What's wrong with your pav? It should be crisp on the outside and gooey on the inside.

Australia and New Zealand both claim ownership of the Pavlova.  It is considered a national dish here, and probably the same in NZ.  I haven't made one for years and can't remember which recipe I used.  Try this one
Classic pavlova - Recipe - Taste.com.au


----------



## pcheftina (Dec 27, 2007)

When looking at your recipe, I find that mine does not include the cream of tartar and cornflour (which I presume is known as cornstarch here in the US).  Also, my recipe calls for you to heat the oven to 400 and put the pav in and turn it off and don't open/remove for at least 4 hours.  I think I may have erred by leaving the light on, which apparently conducts some heat in the oven.  I was also told to put it on foil, not parchment/baking paper which also may have an effect.  Finally, I wasn't aware that the outside is supposed to be crunchy and the inside soft and marshmallow-y -- I thought it was supposed to be crunchy all the way through.  

I bake this on a baking stone -- could that also have an effect??  I was thinking of actually trying it directly on the stone without benefit of foil or parchment to see if that works.

You are much more experienced than I am at this, so I'll defer to your tutelage!!


----------



## Lynan (Dec 27, 2007)

I always use a baking sheet/baking paper. I believe that the baking stone would retain to much heat so do try the sheet/paper next time.
The recipe below says to ' add the sugar'. By that, he means add it ALL at once and beat until sugar dissolved and do use superfine/caster sugar. It does dissolve much quicker. Most recipes tell you to add sugar gradually but this does work and is so much quicker!
As a previous poster has mentioned, you must not compromise the whites with yolk or any fat/grease.
Shape the pavlova into a circle on the tray, about 3 to 4 inches high.

I like mine covered with unsweetened whipped cream, sliced strawberries and kiwifruit and fresh passionfruit drizzled over. Sometimes I prepare a jug of berry coulis also. It is also nice drizzled over a pavlova topped with just fresh berries.

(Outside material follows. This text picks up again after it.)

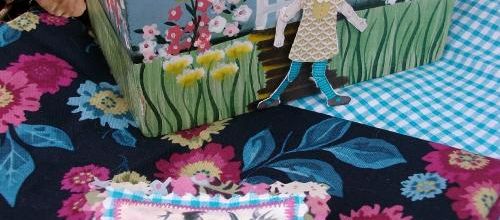 et si l'hirondelle faisait le printemps...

Have a recipe for a Pavlova Roulade which I will post soon. I can have it made and on the table within an hour! 



Martin Boseleys Pavlova

230g egg whites (roughly 6 eggs) • 2 cups caster sugar • 1 tsp vanilla essence • 1 tbsp cornflour • 1 tsp cider vinegar • 2 tbsp water
_Heat the oven to 100°C. Prepare a flat baking sheet with a piece of non-stick parchment paper. Whisk the egg whites until firm and add the sugar. Beat the whites to a stiff-peak stage and add the vanilla. The meringue will drop slightly, but continue to whisk the whites until they are stiff again. Add the cornflour, vinegar and water and whisk for 5 more minutes. Shape the pavlova on the baking sheet and bake for 1 hour. Turn the oven off and leave the pavlova there for another hour to dry out._


----------



## Bilby (Dec 28, 2007)

Yeah, I'm with Lynan on the stone. No good for a pav.  With pavs, everyone here has their preferred way of meringue-ness. You do get crisp all the way through, all the way down to the consistency of a moist sponge with everything in between!  I'm sure it is the same in NZ as here.  It is such a common dessert that unless it is really "wrong", it just gets accepted however it comes out.  Generally most will tell a bought one from home made just on the lack of moisture in a bought one.  That's just meringue, not a pavlova.

Our cornflour is that squeaky flour when you rub it between your fingers - the stuff you would add to a soup as a thickener.

Lynan dresses her pav in the same way most here do - kiwi fruit, strawberries, passionfruit and lightly whipped cream (sugar optional). If you look further into the site that I posted, you will see there are a lot of recipes for pavlova.  This link below has some pretty pavlova photos.
Pavlova - Dessert

And this one has a brief blurb about its history - Pavlova Recipe & Photo - Joyofbaking.com


----------